Information provided>
--------------------------------------------------

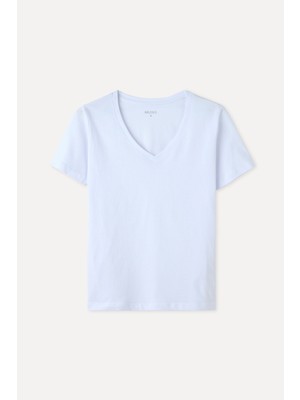 Kadın Beyaz Pamuklu V Yaka T-Shirt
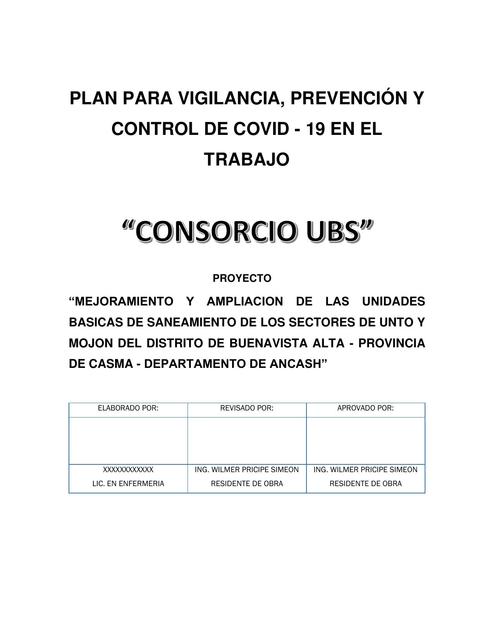 Plan para vigilancia, prevención y control de covid-19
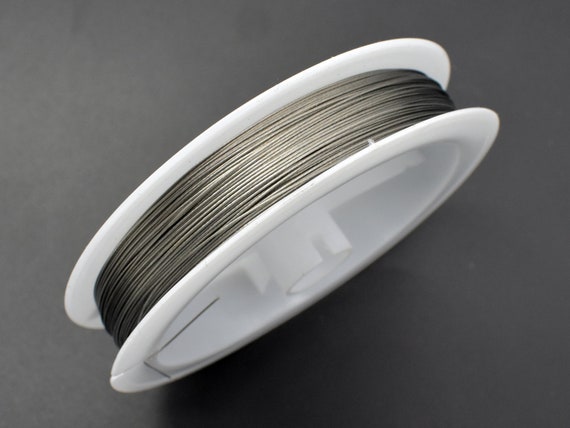 Tiger Tail Beading Wire, Silver Tone, 0.38mm, 100meters/328feet, 1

--------------------------------------------------

What the task requires> Write out the material above exactly, and omit the pictures it holds.

Output for this task>
 Kadın Beyaz Pamuklu V Yaka T-Shirt
 Plan para vigilancia, prevención y control de covid-19
 Tiger Tail Beading Wire, Silver Tone, 0.38mm, 100meters/328feet, 1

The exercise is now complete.